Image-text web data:
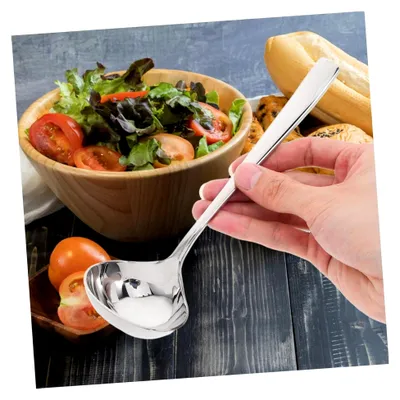 Produktbild von 2 Stück Edelstahl Saucenkelle mit langem Griff für Soßen, Suppen und Dressings, spülmaschinenfest für Küche und Gastronomie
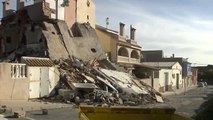 Empieza la demolición controlada de las viviendas de Monóvar, en Alicante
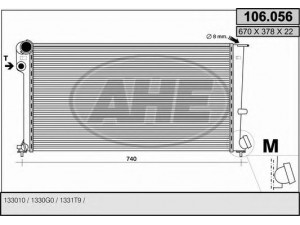 AHE 106.056 radiatorius, variklio aušinimas 
 Aušinimo sistema -> Radiatorius/alyvos aušintuvas -> Radiatorius/dalys
133010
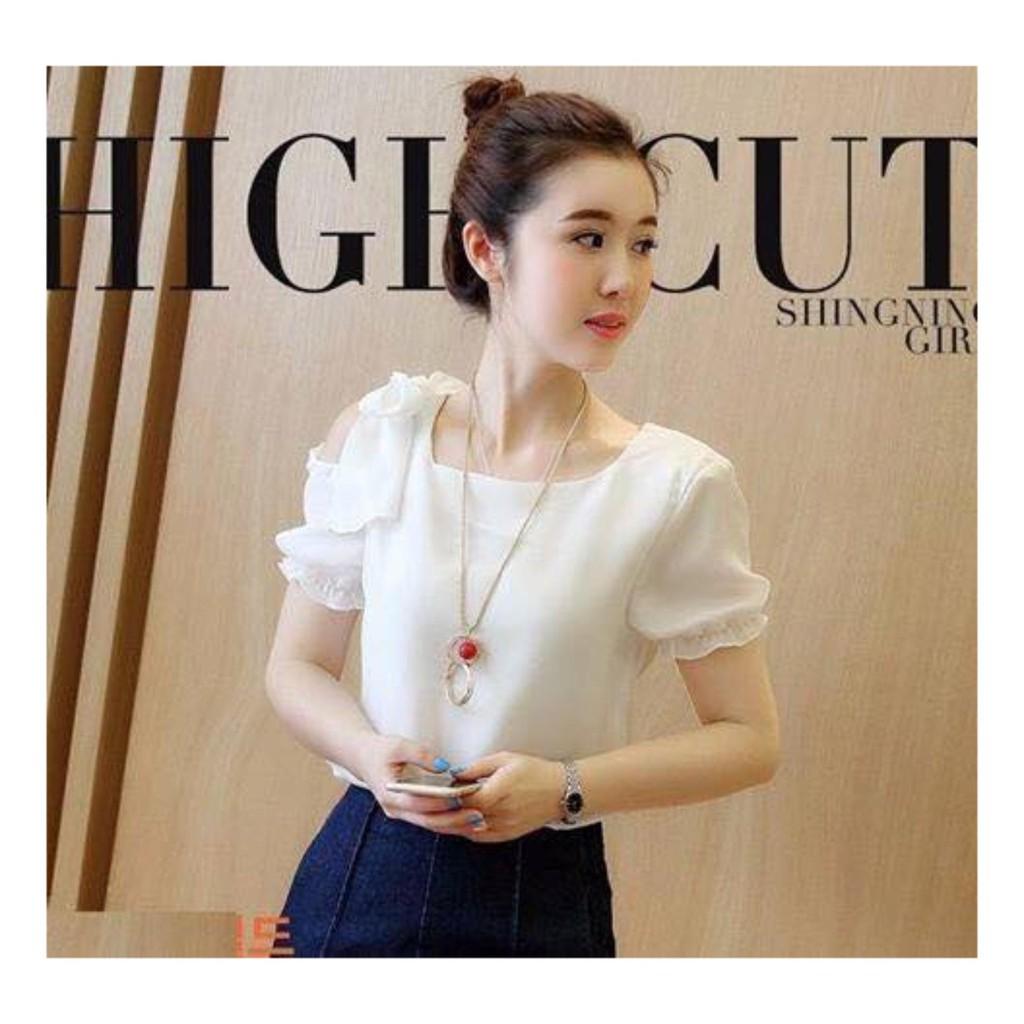 Áo công sở tay rớt đính nơ vai trắng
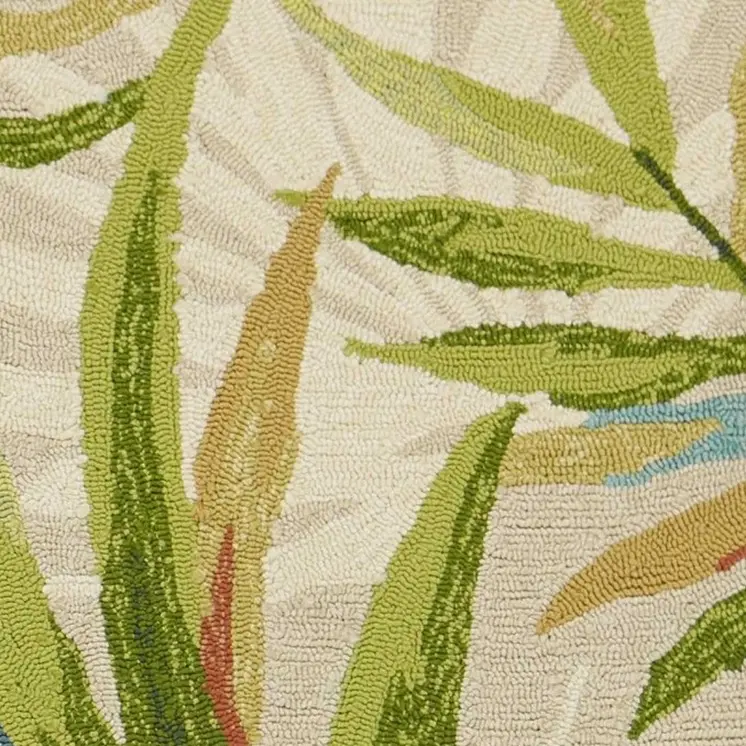 2' X 3' Sand Botanical Leaves Hand Tufted Area Rug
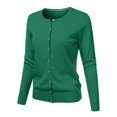 thumbnail image 2 of Cardigan à Col Rond pour Femmes, Mode Durable, Tricoté, Manches Longues, Grandes Tailles, Coupe Ample, Couleur Unie, Veste Chandail Courte, Cardigan - Hontri, 2 of 4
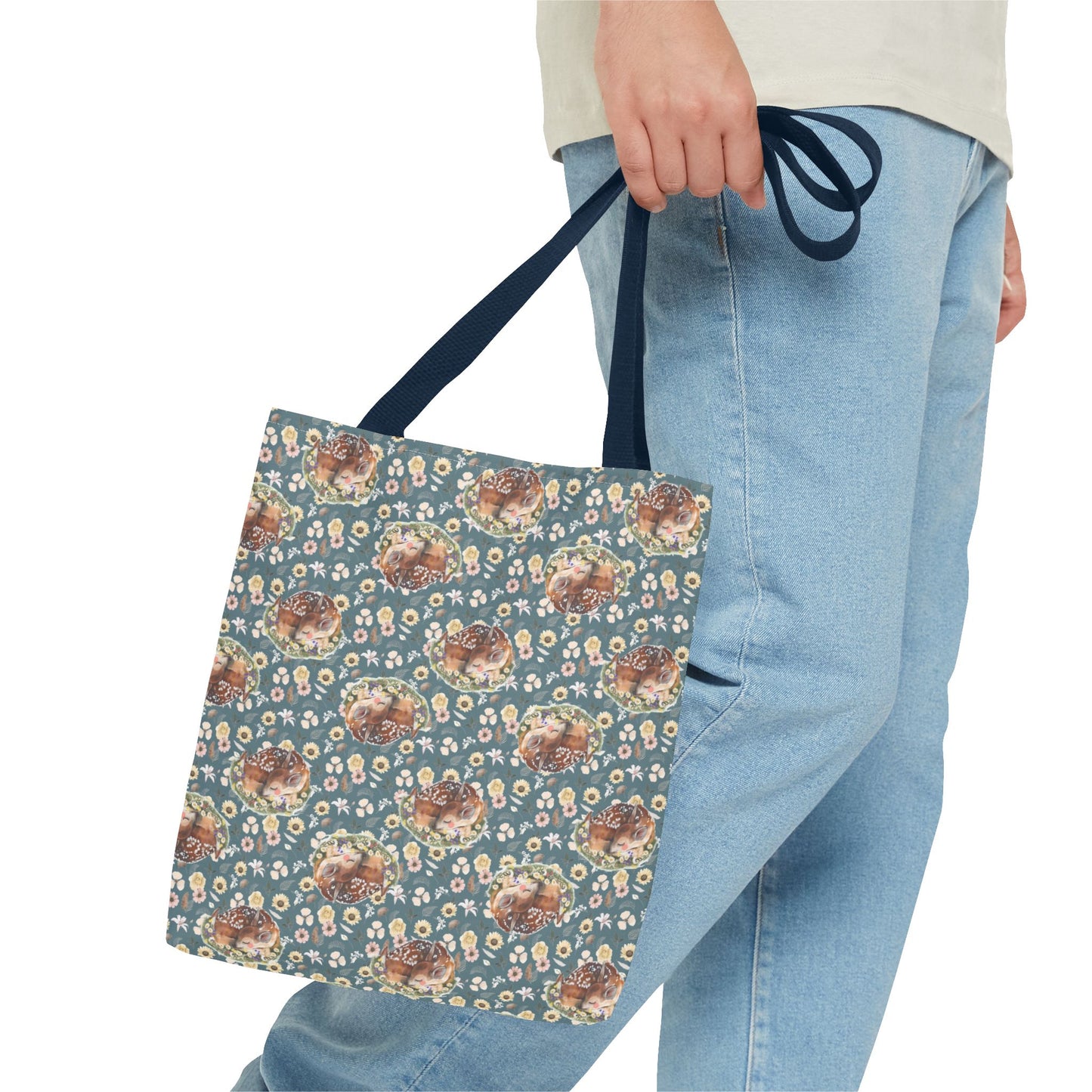 Tote Bag - Turquoise Flowers and Fawns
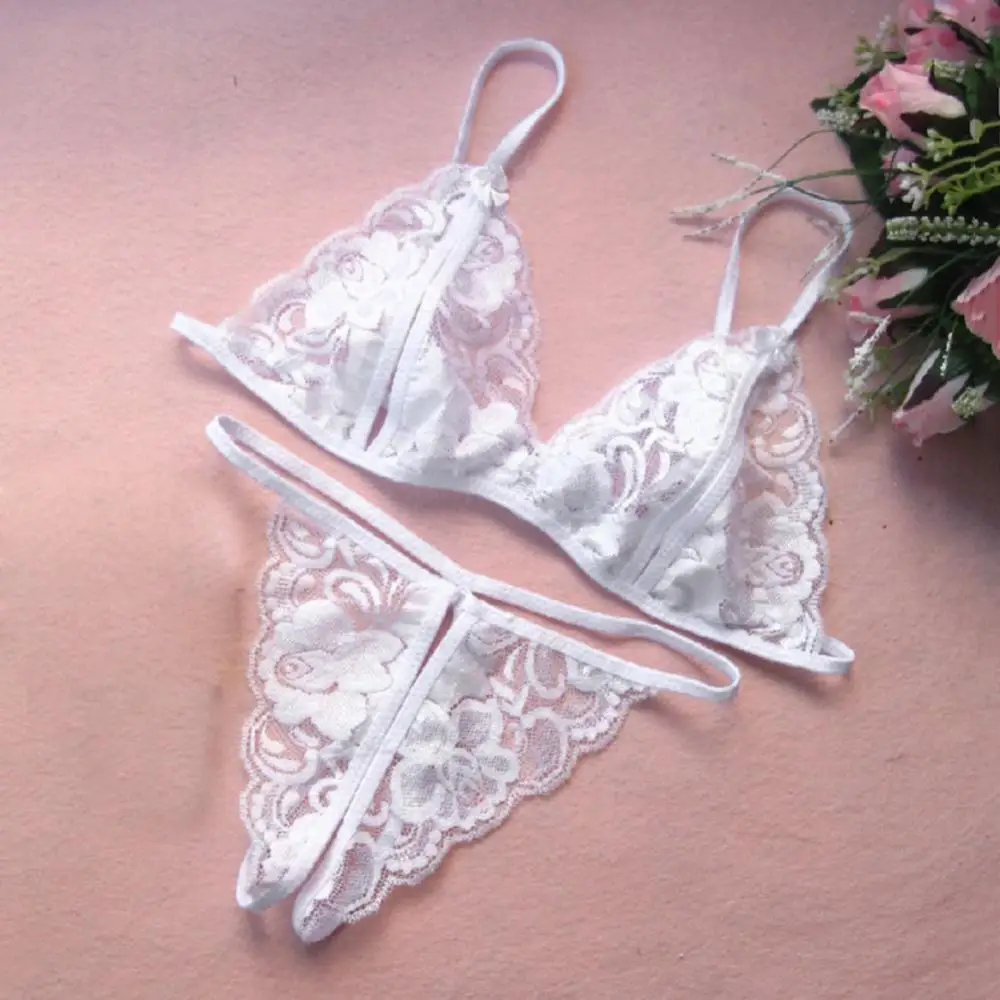 Erotic Women Underwear Set Lace See Through Triangle Cup Bra Open Crotch Briefs Sexy Lingerie Transparent Open File Milk Lace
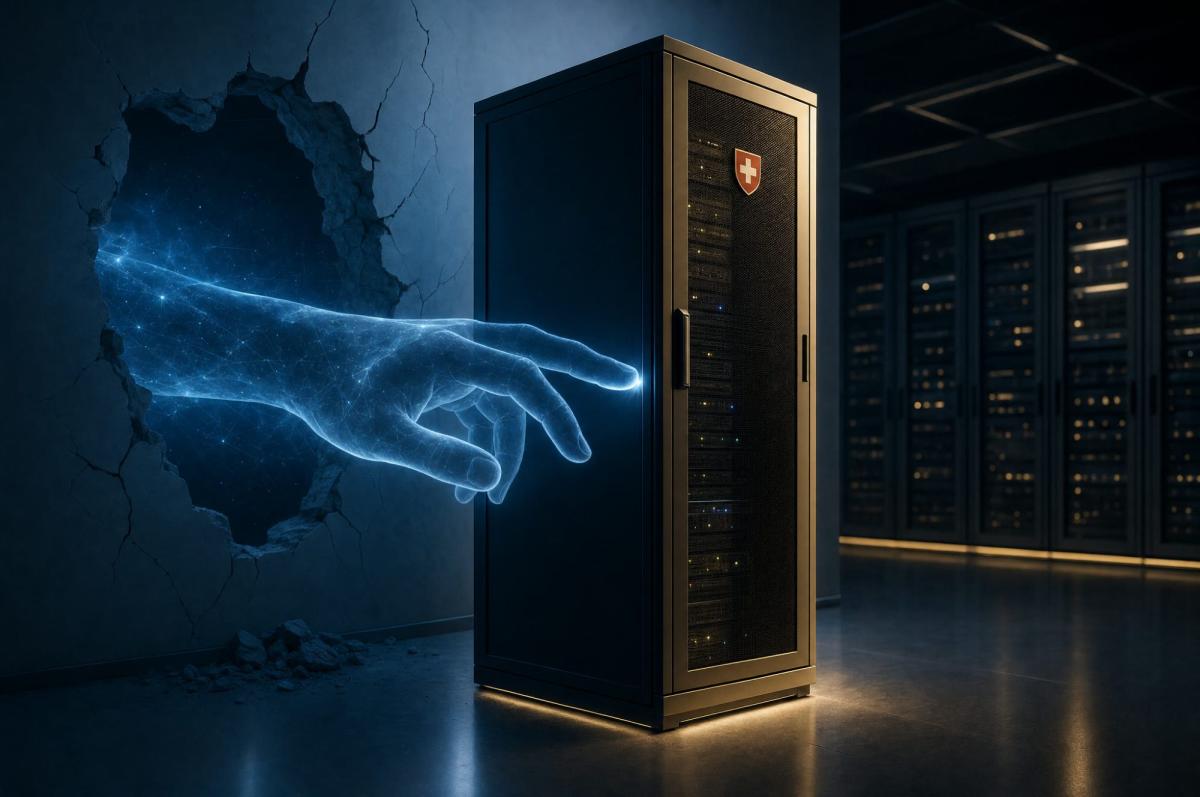 Serverraum mit holographischer Hand, die KI-Einsatz für Treuhänder symbolisiert.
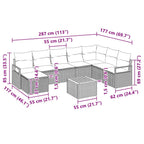 Gartensofa-set mit Kissen 9 pcs Beige Poly-Rattan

§ **What you are asked to do**
Reproduce verbatim every line starting at the line that holds "Áo công sở tay rớt đính nơ vai trắng" and ending with the final line of the data; omit the pictures.

§ **Answer**
 Áo công sở tay rớt đính nơ vai trắng
 2' X 3' Sand Botanical Leaves Hand Tufted Area Rug
 thumbnail image 2 of Cardigan à Col Rond pour Femmes, Mode Durable, Tricoté, Manches Longues, Grandes Tailles, Coupe Ample, Couleur Unie, Veste Chandail Courte, Cardigan - Hontri, 2 of 4
 Tote Bag - Turquoise Flowers and Fawns
 Erotic Women Underwear Set Lace See Through Triangle Cup Bra Open Crotch Briefs Sexy Lingerie Transparent Open File Milk Lace
 Serverraum mit holographischer Hand, die KI-Einsatz für Treuhänder symbolisiert.
 Gartensofa-set mit Kissen 9 pcs Beige Poly-Rattan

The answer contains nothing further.